F. S. WRAY, proprietor of a cotton mill and a prominent cotton broker at Maud, is one of the most important business men of Pottawatomie county, an important factor in the cotton business. He came to the county in 1906 and opened his gin mill, which is well supplied with all the modern machinery known to the business, including a thirty-six power engine, and from the time the cotton is taken from the field until it reaches the consumer he has entire charge of the commodity. During the season of 1907 seventeen hundred bales of cotton were ginned and prepared at the Wray Gin, and in addition to this he also handled as a broker twenty thousand bales during the season.

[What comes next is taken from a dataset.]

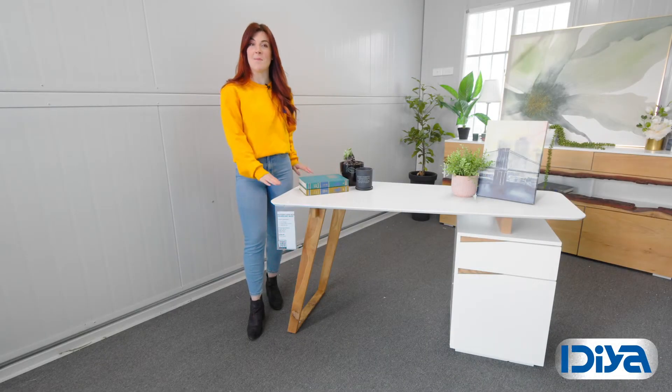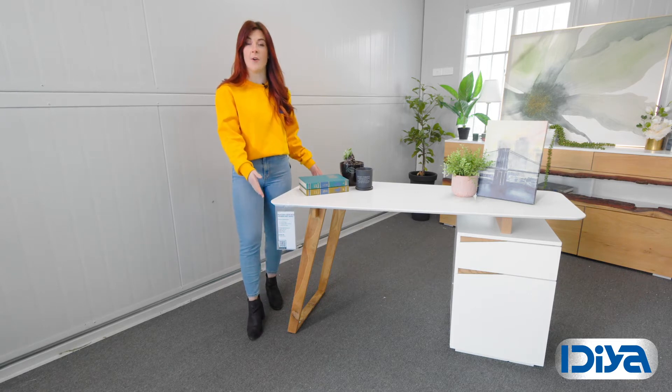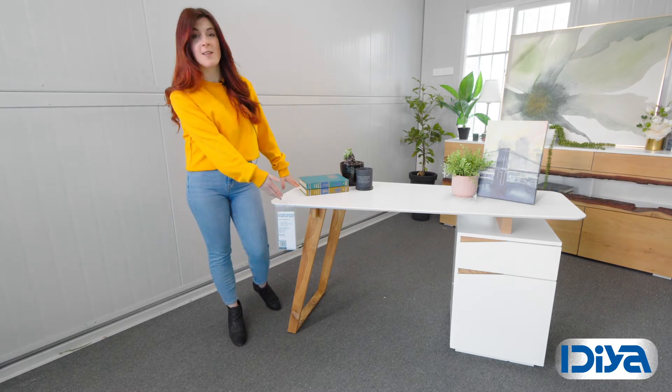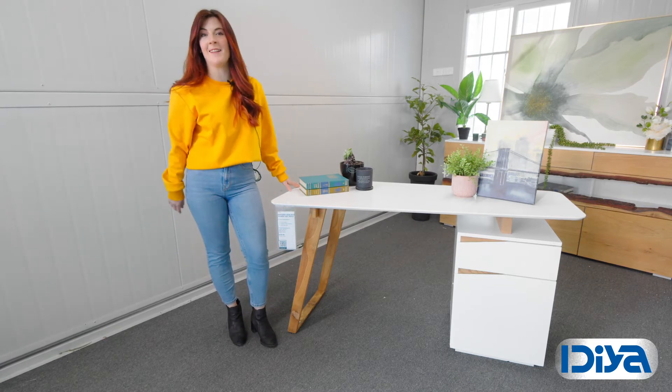The Idea Monterey Desk comes with a matte white finish with oak detailing. Its angular features as well as the use of oak brings a clean and natural feel to your home office. There's plenty of space underneath for a computer, as well as a pull-out drawer and a cupboard.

    F. S. Wray was born in Shelby, Cleveland county, North Carolina, in 1877, a son of a prominent planter, stock dealer and business man of that state, G. W. Wray, of Shelby. He has been prominent in the business life of that community for over thirty years, and is one of its best known men. His father, W. H. Wray, was one of the early settlers of that part of the state. G. W. Wray married Sarah Suttle, a member of another of North Carolina's well known families, and they became the parents of seven children, four sons and three daughters, among whom was F. S. Wray, who was reared to manhood's estate in Shelby and received a good education in its common and high schools and in the University of North Carolina. For a time after leaving school he assisted his father in business, and finally came to Maud, Oklahoma, to take part in its business life, but he yet spends the most of his summers at his old home in North Carolina with his parents. His political affiliations are with the Democratic party, and fraternally he is a member of the Independent Order of Odd Fellows. He has made many friends in his new home in Oklahoma, his genial manner and straightforward business dealings winning him the confidence of all.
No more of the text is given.